The paper tackles the problem of automatically learning fast algorithms for structured linear transforms, such as the FFT, by introducing a parameterization of divide-and-conquer methods; it recovers the O(N log N) Cooley-Tukey FFT to machine precision for N up to 1024 and, when used to compress a neural network, achieves 3.9 points higher accuracy on CIFAR-10 with 4x faster inference and 40x fewer parameters.

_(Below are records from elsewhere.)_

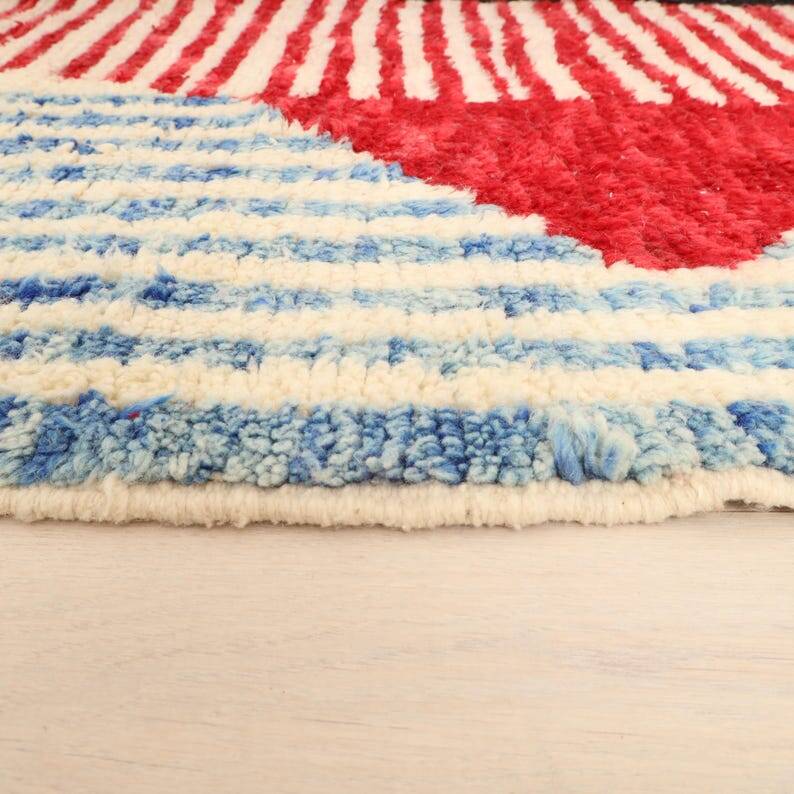 Moroccan Berber rug 200cmx300cm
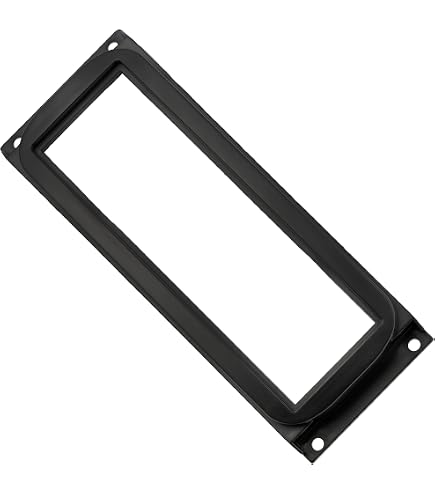 Goliton Adaptateur Antenne Radio Stéréo Voiture - Compatible Chrysler Dodge Jeep Ford GM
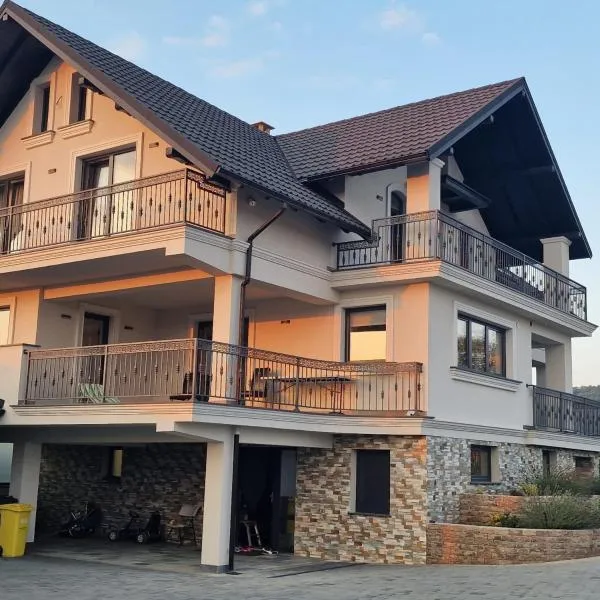 Sunny house，位于苏恰瓦的酒店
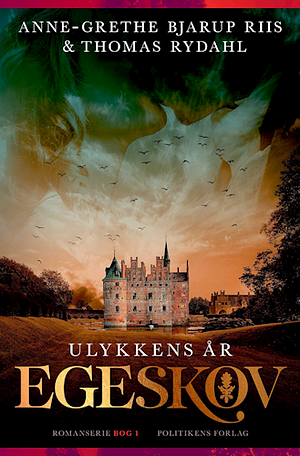 Ulykkens år by Anne-Grethe Bjarup Riis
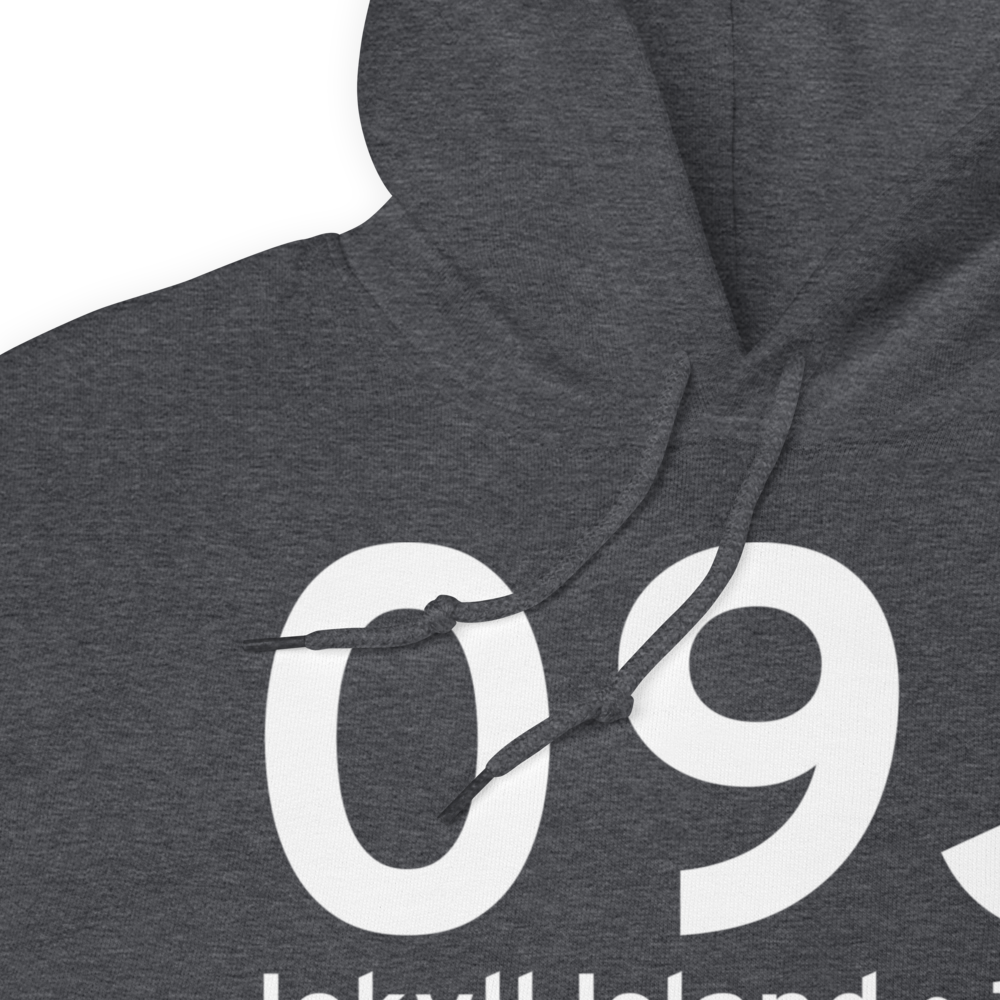 Jekyll Island (K09J) Airport Hoodie Sweatshirt 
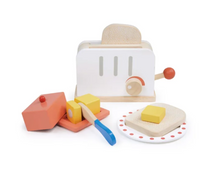 Load image into Gallery viewer, Rise and Shine Toaster Set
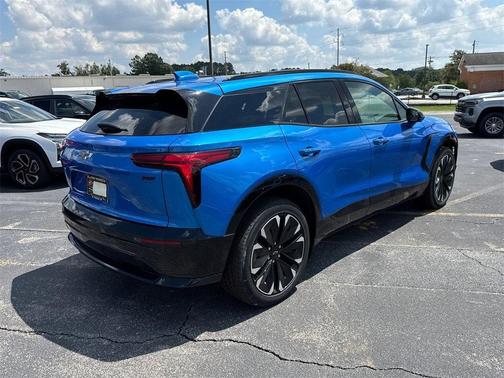 2025 Chevrolet Blazer EV RS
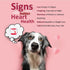 L-Carnitine,EPA,DHA,CoQ10-Aids Made-60 Heart Support Supplement for Dogs-Vet-Formulated, Antioxidant-Rich-L-Taurine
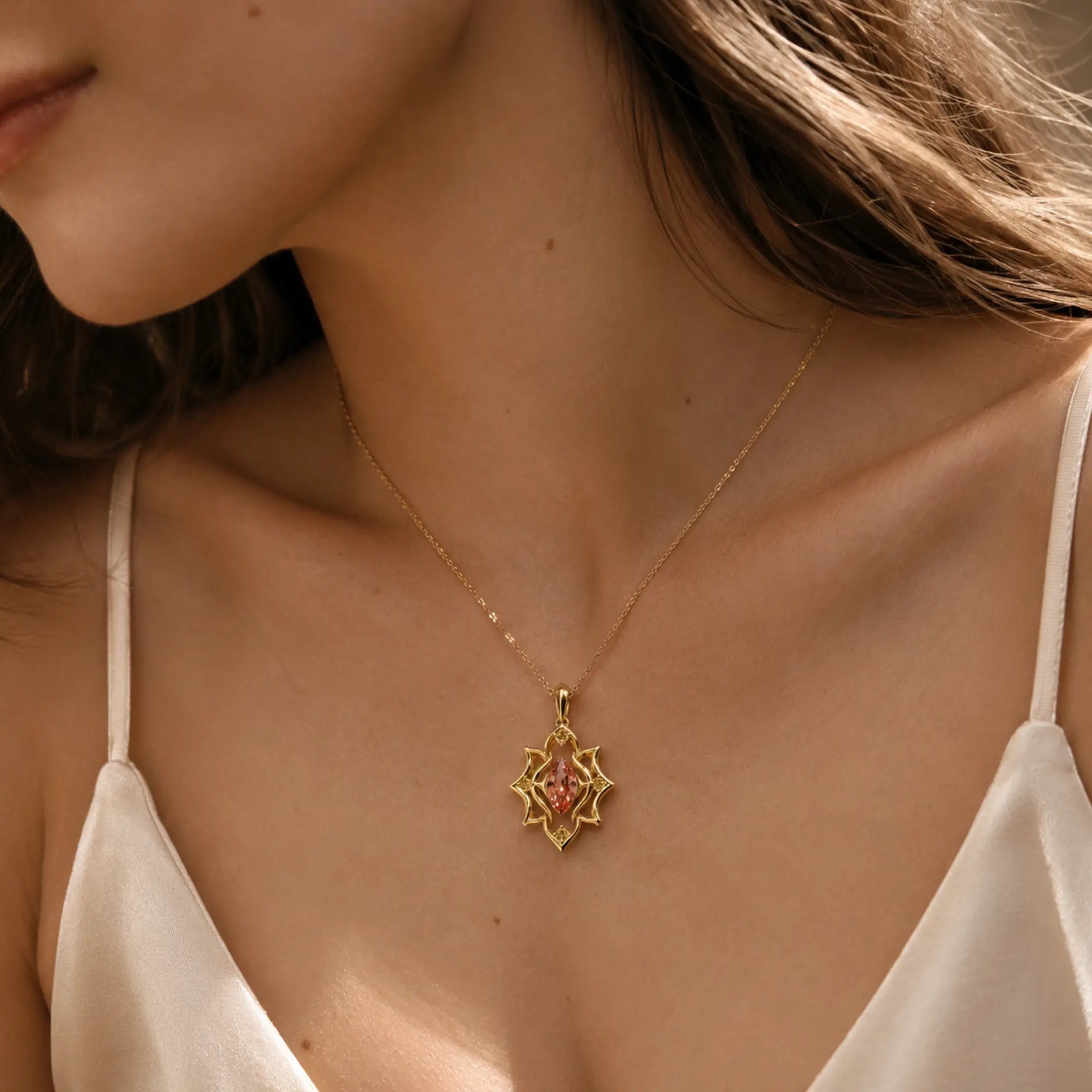 Mavuika Necklace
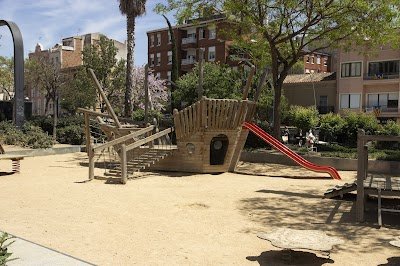 Foto de Plaza de Pompeu Fabra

Fast linear transforms are ubiquitous in machine learning, including the discrete Fourier transform, discrete cosine transform, and other structured transformations such as convolutions. All of these transforms can be represented by dense matrix-vector multiplication, yet each has a specialized and highly efficient (subquadratic) algorithm. We ask to what extent hand-crafting these algorithms and implementations is necessary, what structural priors they encode, and how much knowledge is required to automatically learn a fast algorithm for a provided structured transform. Motivated by a characterization of fast matrix-vector multiplication as products of sparse matrices, we introduce a parameterization of divide-and-conquer methods that is capable of representing a large class of transforms. This generic formulation can automatically learn an efficient algorithm for many important transforms; for example, it recovers the $O(N \log N)$ Cooley-Tukey FFT algorithm to machine precision, for dimensions $N$ up to $1024$. Furthermore, our method can be incorporated as a lightweight replacement of generic matrices in machine learning pipelines to learn efficient and compressible transformations. On a standard task of compressing a single hidden-layer network, our method exceeds the classification accuracy of unconstrained matrices on CIFAR-10 by 3.9 points -- the first time a structured approach has done so -- with 4X faster inference speed and 40X fewer parameters.